The Realm

A Place Where Cheese Is Queen

My Photo
Name:
Location: San Francisco, CA

I'm fun.

Saturday, July 23, 2005

Hooray! (again)

It's a lovely day in my little corner of San Francisco.

For anyone who owns a vicious cat, I have discovered a cool product. It's called "Good Cat" and you can order it from Petco.com. It is made of flower essences and you put it in kitty's water. It's kitty vicodin. Anyway, I've been giving it to my cat now for one day and she is already much calmer and even ... well, kind of sweet. Go Messy! Rock on!

Now, it you read my post about yesterday's shooting in London, then you know I was pretty disgusted by what happened there. My friend michaelb kindly posted a comment illustrating the "other side" of the issue. And he makes some good points. It's not like I think the authorities there are walking around shooting people who look like they might be Muslim all day and night. But hearing the account of that shooting, where a witness said the guy they shot looked like a "petrified fox" laying on the floor of a train car while they shot him in the torso and head five times ... ugh. Maybe those cops DID save lives by killing him, as michaelb suggested. I know they've been instructed to "shoot to kill" anyone who looks like they might be planning a suicide attack. But, they were undercover cops. Sure, they might have yelled at the man "Stop, police!" I'm just saying ... that if I appeared South Asian and I was walking around South London and a bunch of dudes in a group started yelling at me and chasing me, perhaps with weapons drawn, I *might* conceivably take the same action that this man did, that is, I might have run into the nearest tube station and jumped the turnstile in an effort to get away. As they say, cops in London don't normally carry lethal weapons. Or maybe this guy was some kind of asshole would-be suicide bomber and he DID plan to pull the pin. I'm certainly not saying this would be a good time to be a member of law enforcement in London, either.

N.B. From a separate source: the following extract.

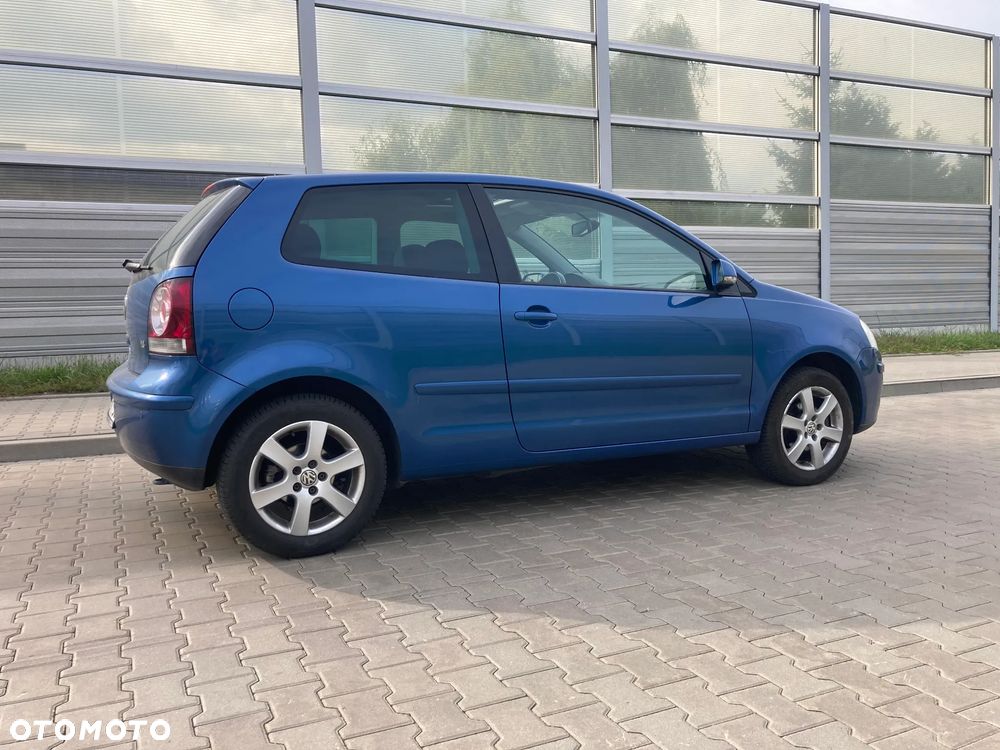 Volkswagen Polo 1.4 16V Comfortline - 11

I am just sick of this so called "war on terror" that seems to force EVERYONE to act like a terrorist.

Okay, this is a bit much for a Saturday morning. But I wanted to thank michaelb for posting his comment because that view is valid and bears consideration too.

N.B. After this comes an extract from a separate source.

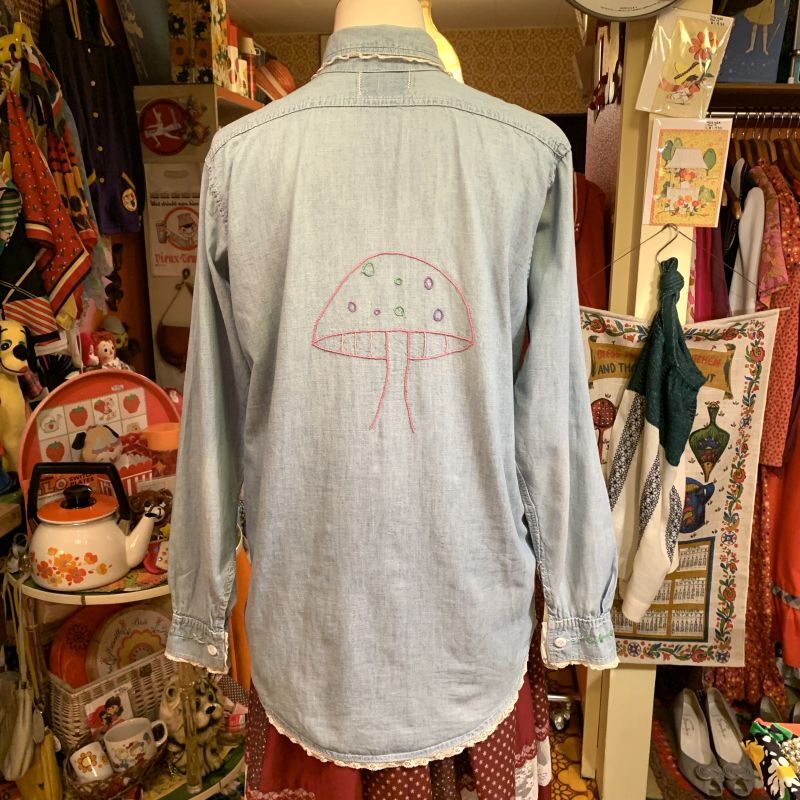 画像: Vintage mushroom&flower embroidery chambray shirt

Onto other cheese: I made a valuable discovery last night. This bartender who used to work at Blondies turned up behind the bar at an establishment near my house. Boy did I have a crush on him back in the day. And he's as cute as ever. His bartending skills aren't great. But he's excused because he is so adorable. Yes, I'm shallow that way. Also, I met a cute dog who lives just two blocks away from me. His name is Winston and he is a white French bulldog. Winston's owner let me pick him up and he got so excited he couldn't stop snorting. Snorting, however, is preferable to peeing. Sorry Chopper.

Speaking of snorting, I get to take care of Peanut next weekend. Hooray! We will snuggle. Peanut is my favorite dog in the whole world.

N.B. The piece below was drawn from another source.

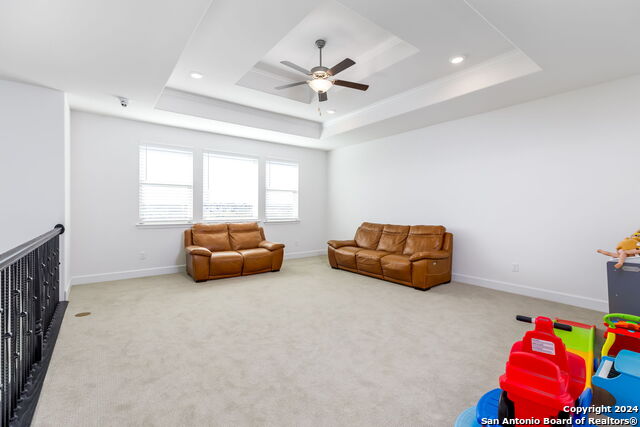 Image 32 of 43 For 14118 Sam Houston Way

Until later, love and kisses xoxoxoxoxoxo

1 Comments:

Blogger Michael B said...

i agree with you, cheese. the war on terror is a creation of W's little mind and has been just as successful as the war on drugs. ain't happnin!! turns out, as you know, the london cops got it way wrong this time...and for that i do believe someone should pay, perhaps with their career...if not with prison time. but, as you say, not a great time to be a bobby right now, charged with keeping londoners from being blown into little bits. cheers! your next martini's on me!